Thom, der „Details vor Ort“-Planer der Reise, hatte vorgeschlagen, früh von Kobe abzufahren und lieber die Zeit mehr für Japans viertgrösste Stadt zu nutzen: Nagoya.
Mit dem Shinkansen sind die 223 km natürlich ein Katzensprung, der schafft das in einer Stunde. Da lohnte es sich nicht einmal, das Laptop herauszukramen.
Unser Business-Hotel, diesmal von der APA-Kette, lag nicht allzu weit vom Hauptbahnhof entfernt, wir liefen mit Koffer und Velo und checkten erstmal ein.
Alles kein Problem um 11.30 Uhr, aber was den Bezug des Zimmers angeht, da sind die japanischen Hotels absolut eisern: Vor der offziellen Check inn-Zeit (zwischen 15 und 16 Uhr) ist nichts zu machen. Aber immerhin ist man den Koffer-Ballast los, dieser wird selbstverständlich aufbewahrt.
Dann radelten wir umgehend zum Aichi Prefectural Museum of Arts, das in einem ziemlichen Klotz von 12-stöckigem Hochhaus, dem Aichi Kulturzentrum, untergebracht ist.
Es ist relativ merkwürdig, in Ausstellungsräumen herumzulaufen und sich bewusst zu machen, dass man sich zehn Stockwerke über dem Erdboden befindet. Die Räume sind, wie bei vielen Museumsbauten, die wir kennengelernt haben, grosszügig und funktional (ausser einige Bauten der Stararchitekten …). Eine aktuelle Ausstellung präsentierte zeitgenössische chinesische Kunst mit interessanten Exponaten (Malerei, Videokunst), etwas, was man in Europa eher selten zu sehen bekommt.
Nach Starbucks-Koffeinzufuhr ging es weiter zu Noritake, einer Stiftung mit Porzellanmuseum und grossem Park, unweit von Nagoya Station. Dies war eher eine Überraschung für uns, denn wir waren auf einen japanischen Garten und ein klassisches Porzellanmuseum eingestellt.
Der Park entpuppte sich aber eher als wohlgestaltete Rasenfläche mit ein paar Überresten der historischen Firmengebäude.

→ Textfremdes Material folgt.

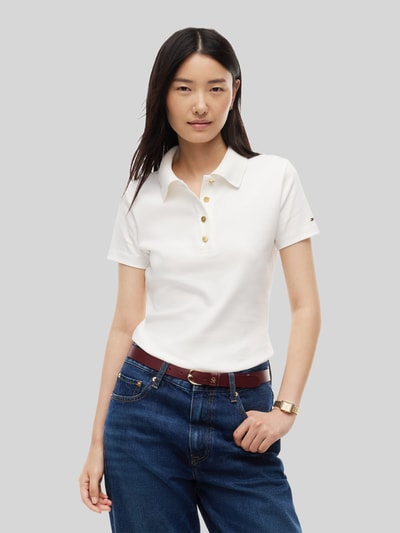 Tommy Hilfiger Poloshirt van wolmix met zijdegehalte Offwhite - 4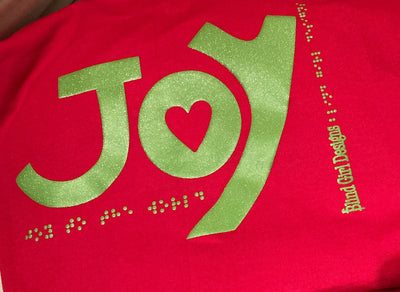 New 3D JOY Sweatshirt - Red with Green Glitter Ink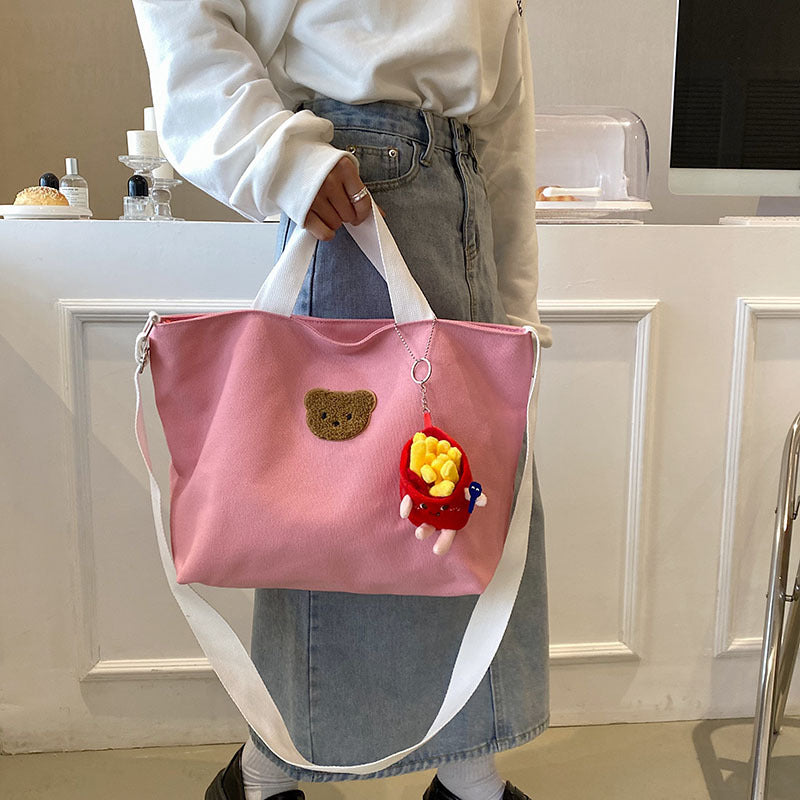 Casual Canvas Tragetasche mit süßer Bärenapplikation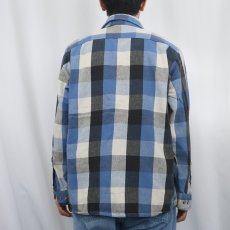 画像3: 90's FIVE BROTHERS ブロックチェック柄 ヘビーネルシャツ L (3)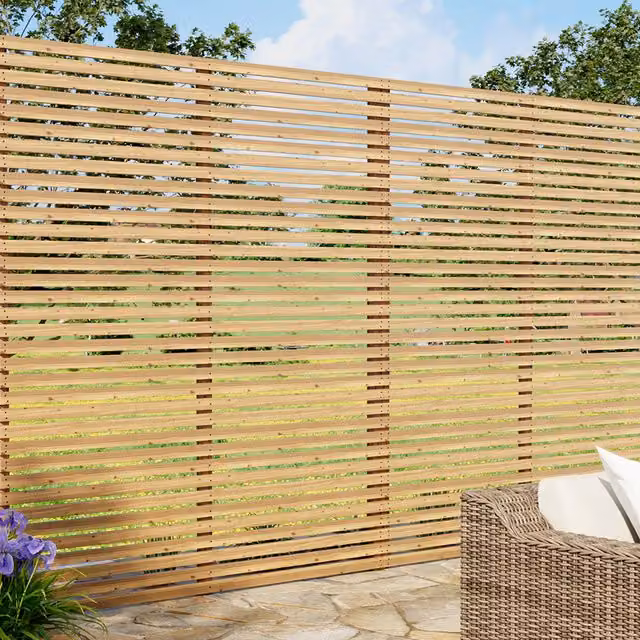 Lifeideas Untreated Wooden Garden Privacy Fence Board in Yellow, Height: 180 cm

Auf jeden Fall waren die riesigen Koi-nobori sehr nett, und die Kinder freuten sich sehr darüber.
Ein Museum des Komplexes war zwar ein Porzellanmuseum, doch man konnte (endlich!!) bei der Produktion handbemalten Porzellans zusehen, und viele Videofilmchen (auch auf Englisch) erläuterten den Prozess. Das von Noritake seit Ende des 19. Jahrhunderts hergestellte Porzellan hat jedoch nichts mit den alten Porzellanherstellern wie in Narita zu tun. Der Gründer der Firma hatte nur eines im Sinn: den Export japanischer Porzellanwaren nach Europa und in die USA. Die Vasen und Services wurden fast ausschliesslich nach westlichem Geschmack gestaltet, mit ausgesprochen edlen Designs und sehr kostbar. Thom und ich mutmassten, dass sie vor allem bei den Fürstenhöfen und steinreichen Amerikanern gefragt waren. Uns haben die Sachen überhaupt nicht gefallen, wir fanden sie viel zu oppulent.

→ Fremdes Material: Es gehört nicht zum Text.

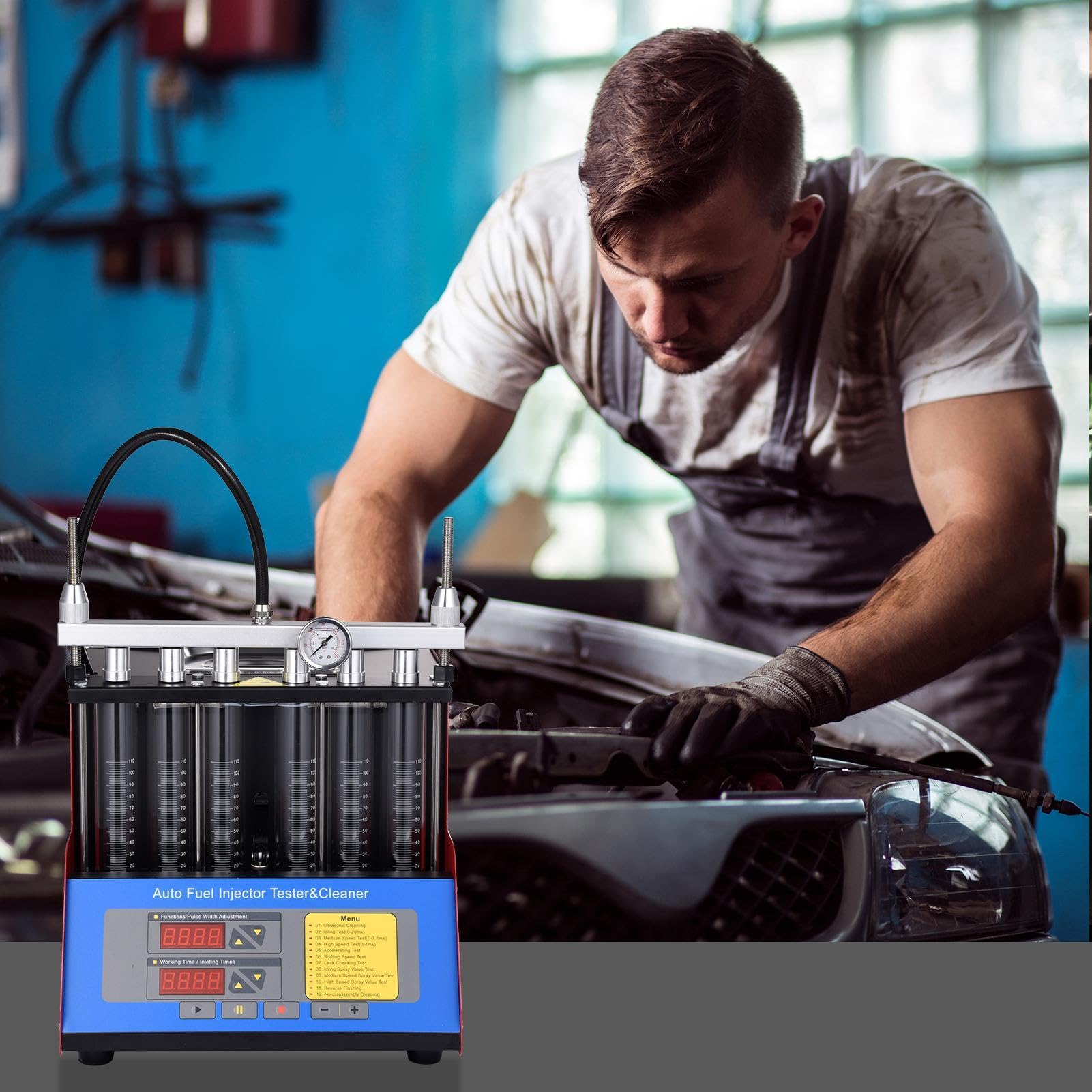 Injector Cleaner Kit,6 Cylinder Ultrasonic Injector Machine - 110V Automotive Injector Cleaner with Testing Functions for Vehicles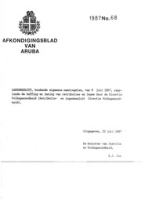 Afkondigingsblad van Aruba 1987 no. 68, DWJZ - Directie Wetgeving en Juridische Zaken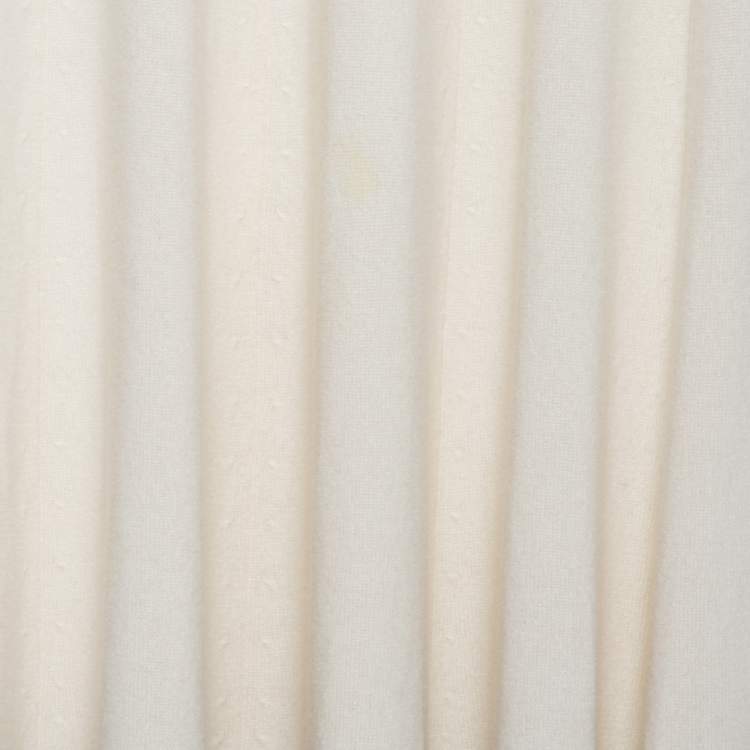 Pre Owned Chanel Ivory Cashmere Stripe Detailed Long Skirt M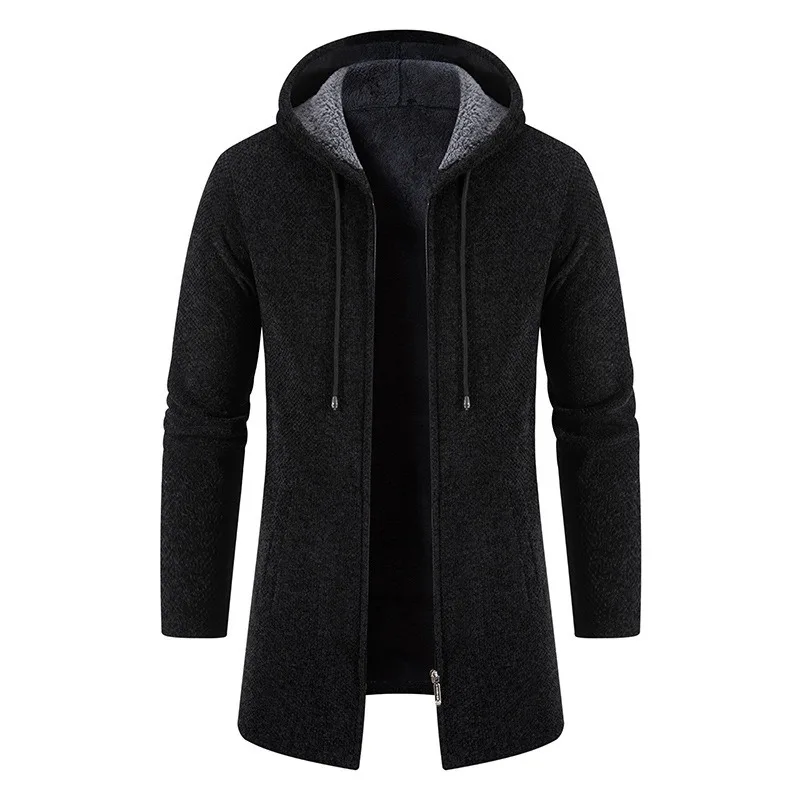 Foreign Trade Autumn and Winter Hooded Sweater Men's Medium and Long Loose Large Size  Jacket Knitted Cardigan Men's Top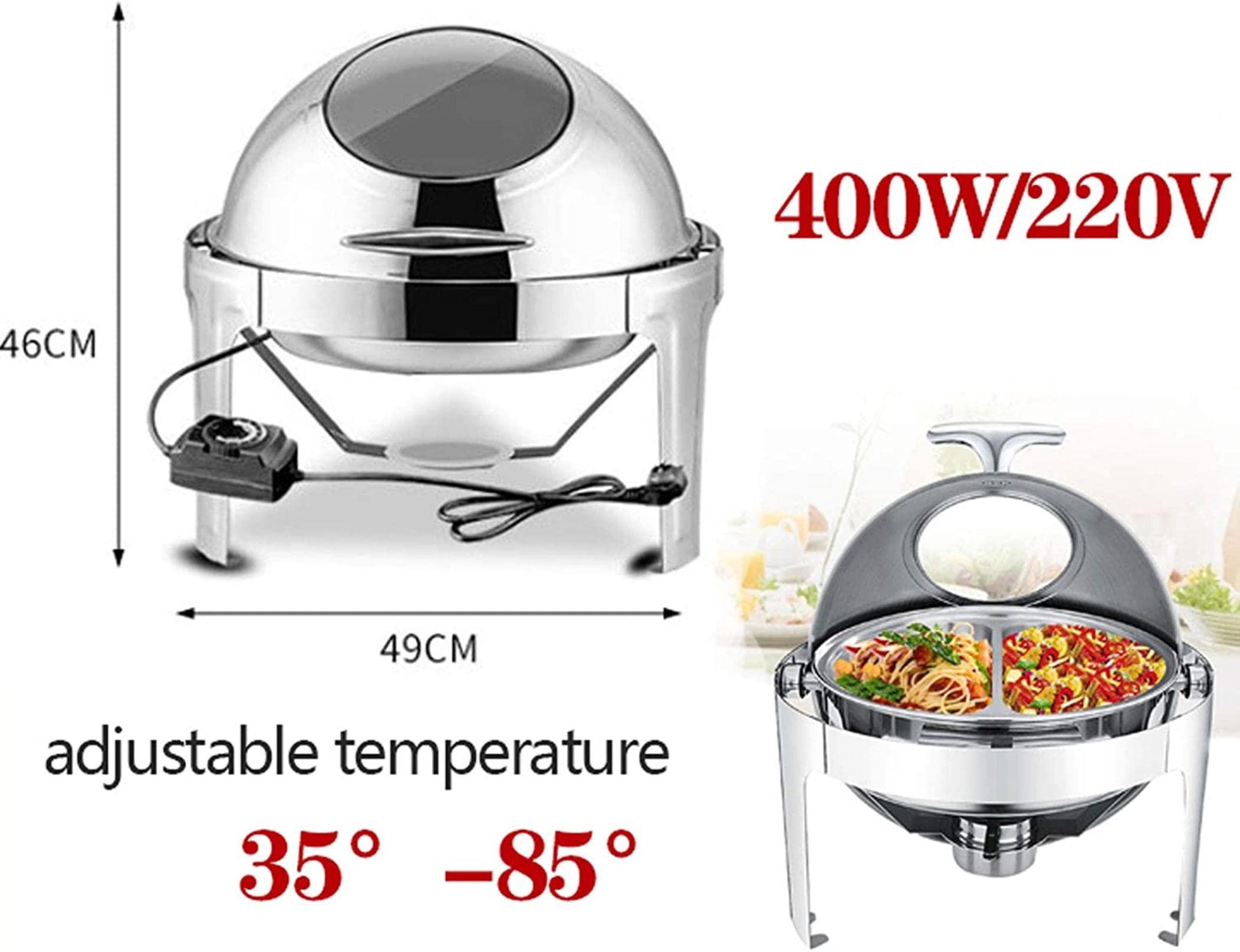 Calentador de Comida Electrico, Catering Chafing Dish Calentador para Buffet, 6L Calienta Platos Bandeja de Calentamiento para Bodas o Fiestas Buffet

Was wir nicht erwartet hatten war der moderne Museumsteil. Noritake stellt zwar immer noch – inzwischen auch bezahlbares – Porzellan her, vergleichbar vielleicht mit Villeroy & Boch. Inzwischen sind sie ein industrielles Grossunternehmen für Keramikprodukte aller Art, und wie wichtig dieser Stoff in der Medizin und in der Industrie (Autoproduktion, Raumfahrt, Sanitärproduktion, Energieversorgung) ist, untermalte das Museum sehr informativ.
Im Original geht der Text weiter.